• [Brief]
Leaving all pictures out, output exactly and only the line containing "9 HILLVIEW STREET, Runcorn QLD 4113" and the lines that follow it to the end of the material below.

------------------------

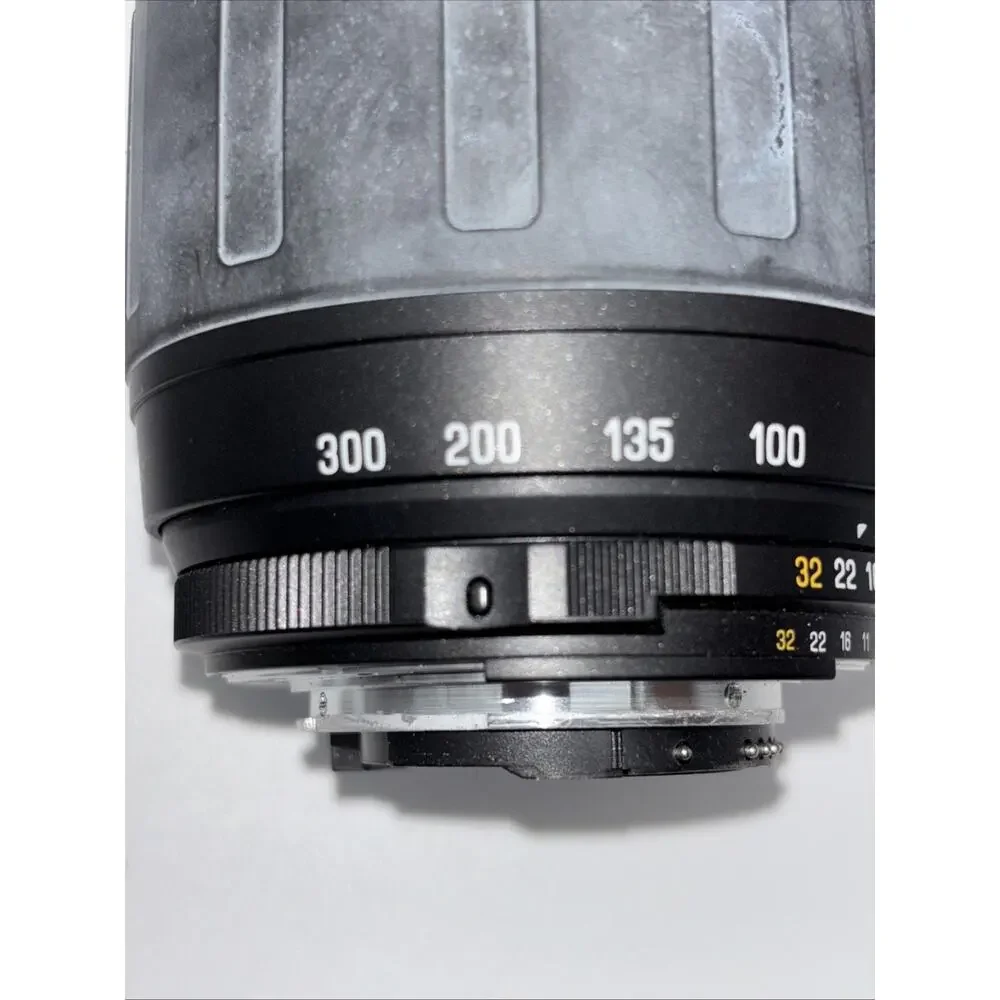 Tamron 75-300mm f/4.5-5.6 Telephoto Zoom Lens Made In Japan, good condition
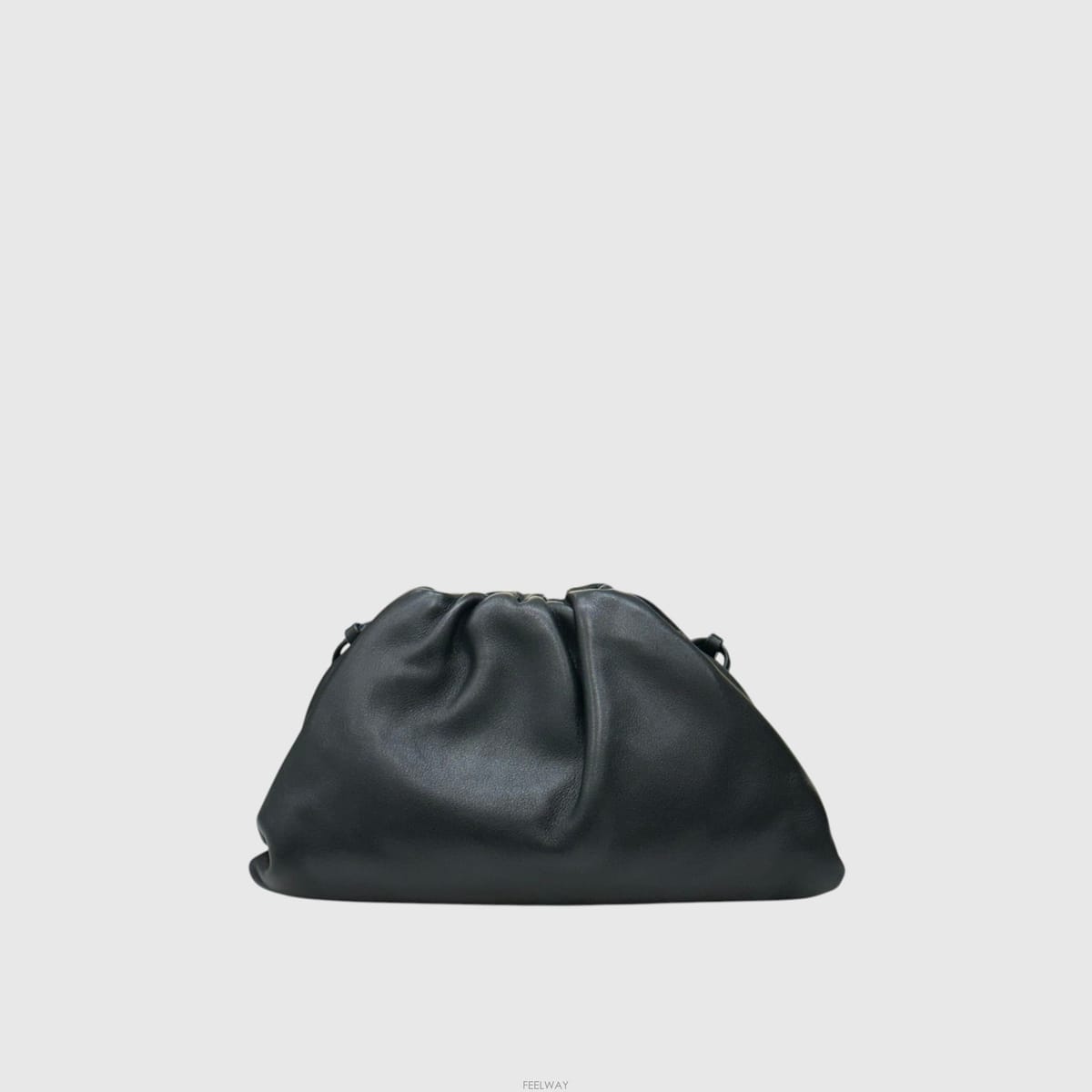 Bottega Veneta ���װ�����Ÿ �̴� �Ŀ�ġ ���ι� ���� 585852���װ�����Ÿ �̴� �Ŀ�ġ ���ι� ���� 585852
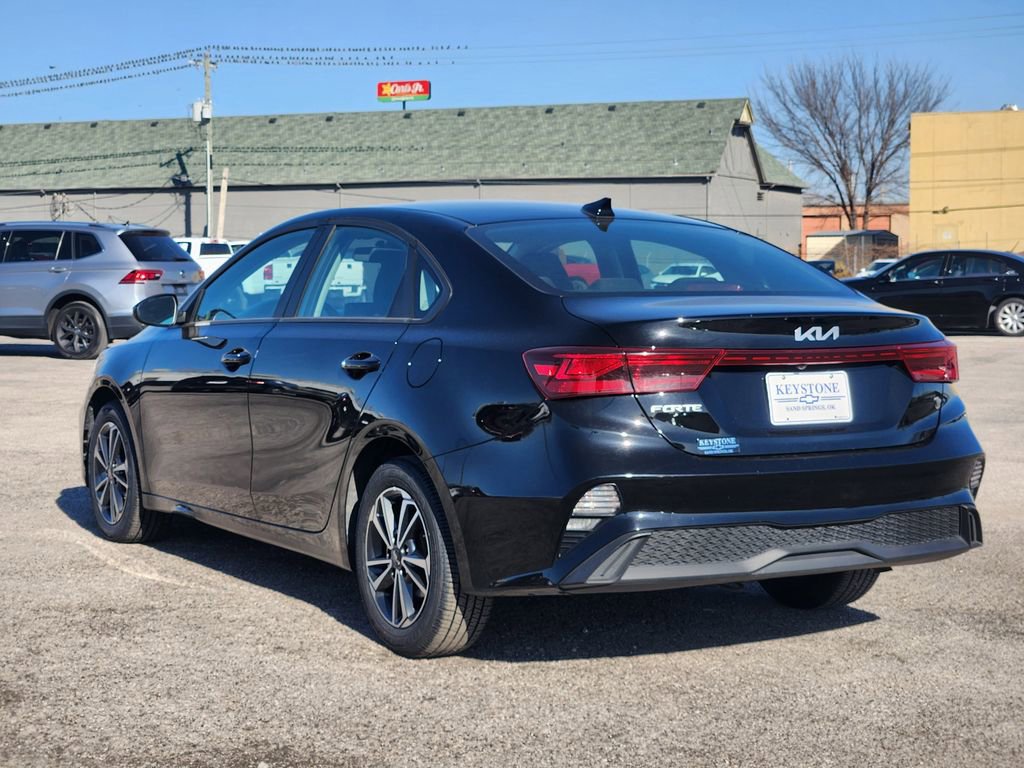Used 2024 Kia Forte LXS image 7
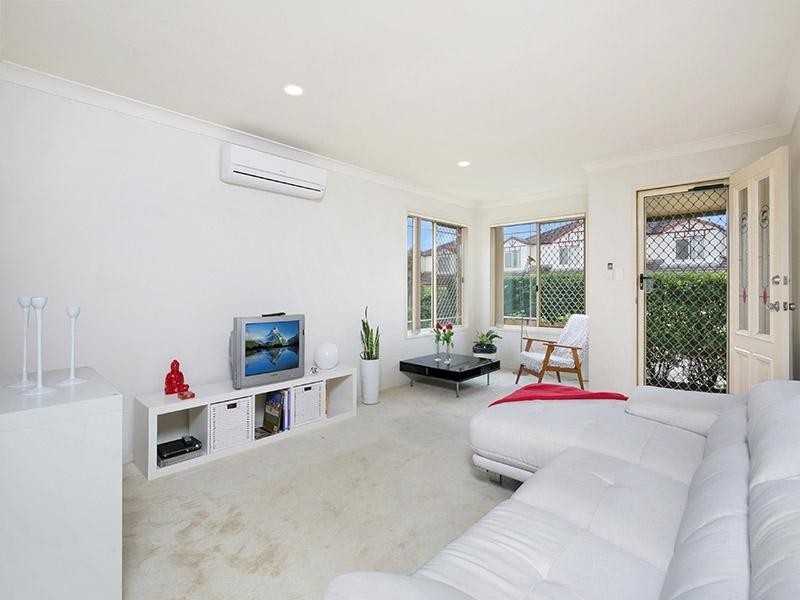 9 HILLVIEW STREET, Runcorn QLD 4113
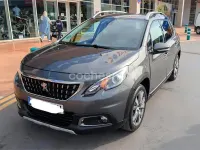 Usado Peugeot 2008 Allure 110 CV (80 kW) 2017 Gris / plata SUV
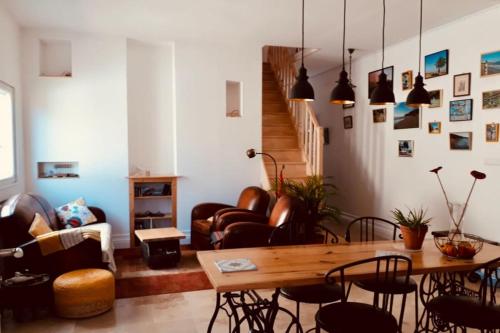 uma sala de estar com mesa e cadeiras em Charming House Ideally Located With Furnished Terrace 3 Bedrooms & Parking em Le Bouscat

------------------------

• [Task solution]
 9 HILLVIEW STREET, Runcorn QLD 4113
 Usado Peugeot 2008 Allure 110 CV (80 kW) 2017 Gris / plata SUV
 uma sala de estar com mesa e cadeiras em Charming House Ideally Located With Furnished Terrace 3 Bedrooms & Parking em Le Bouscat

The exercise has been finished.